A Los Angeles jury has awarded $103 million in damages to former Liberty Mutual senior claims manager Joy Slagel, capping a long-running wrongful termination dispute that earlier survived summary judgment after a California appellate court found triable issues of age and disability bias, retaliation and pretext.
The punitive phase verdict Friday followed a multi-week trial in which jurors unanimously found Liberty Mutual acted with malice or oppression in firing Ms. Slagel, a 30-year employee who handled major accounts including Disney, according to documents in Slagel v. Liberty Mutual.
The case stems from Ms. Slagel’s 2016 termination, which Liberty Mutual said was prompted by alleged dishonesty and falsification of records tied to a disputed social media investigation for the Disney workers compensation account.
According to court documents from a June 2023 California Court of Appeal ruling, Ms. Slagel maintained the issue was a misunderstanding — rooted in a supervisor’s earlier undocumented social media “check” — and argued management exploited the incident to push out long-tenured employees. She said she repeatedly complained that a new regional manager favored younger workers, imposed heavier workloads on older adjusters, and attempted to “get rid of” employees over 40, according to records.

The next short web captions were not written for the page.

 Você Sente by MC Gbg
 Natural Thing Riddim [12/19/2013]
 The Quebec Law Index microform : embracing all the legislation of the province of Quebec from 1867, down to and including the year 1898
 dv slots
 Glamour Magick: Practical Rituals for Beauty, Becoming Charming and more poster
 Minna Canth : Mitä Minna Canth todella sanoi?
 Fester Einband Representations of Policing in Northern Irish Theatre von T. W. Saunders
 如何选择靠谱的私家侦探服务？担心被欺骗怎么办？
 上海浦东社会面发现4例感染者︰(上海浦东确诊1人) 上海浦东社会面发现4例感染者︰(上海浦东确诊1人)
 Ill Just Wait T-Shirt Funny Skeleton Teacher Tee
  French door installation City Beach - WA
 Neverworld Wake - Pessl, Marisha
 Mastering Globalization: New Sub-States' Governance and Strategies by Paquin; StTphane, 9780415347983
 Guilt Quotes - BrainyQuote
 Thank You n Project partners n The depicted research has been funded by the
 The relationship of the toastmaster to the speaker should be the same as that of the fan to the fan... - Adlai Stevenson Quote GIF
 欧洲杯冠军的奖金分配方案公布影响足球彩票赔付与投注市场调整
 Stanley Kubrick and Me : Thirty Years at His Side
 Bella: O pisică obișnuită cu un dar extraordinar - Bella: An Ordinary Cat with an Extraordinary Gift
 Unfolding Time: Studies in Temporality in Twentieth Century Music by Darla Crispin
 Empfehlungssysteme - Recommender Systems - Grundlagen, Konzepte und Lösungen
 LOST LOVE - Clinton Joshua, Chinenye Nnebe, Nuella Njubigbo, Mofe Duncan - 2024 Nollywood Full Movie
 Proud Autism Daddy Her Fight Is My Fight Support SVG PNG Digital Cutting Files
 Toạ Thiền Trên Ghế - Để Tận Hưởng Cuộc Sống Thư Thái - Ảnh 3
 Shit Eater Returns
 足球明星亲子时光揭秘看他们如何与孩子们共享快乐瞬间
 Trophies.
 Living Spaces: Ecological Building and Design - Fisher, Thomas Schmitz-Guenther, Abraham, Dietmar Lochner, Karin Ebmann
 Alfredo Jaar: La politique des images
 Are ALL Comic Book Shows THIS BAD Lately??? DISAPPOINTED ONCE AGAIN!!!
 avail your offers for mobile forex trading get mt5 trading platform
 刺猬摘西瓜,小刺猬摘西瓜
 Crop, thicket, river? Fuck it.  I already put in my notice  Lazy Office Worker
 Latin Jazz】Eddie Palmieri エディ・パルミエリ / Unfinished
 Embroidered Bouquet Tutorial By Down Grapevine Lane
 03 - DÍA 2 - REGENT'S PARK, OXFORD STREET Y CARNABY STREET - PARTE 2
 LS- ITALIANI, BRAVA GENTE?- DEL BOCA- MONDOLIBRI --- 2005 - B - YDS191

The 2023 ruling revived most of Ms. Slagel’s claims, holding she had presented evidence that Liberty Mutual’s stated reason for termination could be viewed as pretextual. The panel noted her decades of positive reviews, the minor nature of the Disney incident, Liberty’s failure to interview a key witness, and the unusually severe disciplinary response. The court also found that a jury could decide whether a manager exhibiting age bias influenced HR personnel who formally approved the termination.
On remand, the matter proceeded to trial, culminating in the December damages award.
Liberty Mutual did not respond to a request for comment.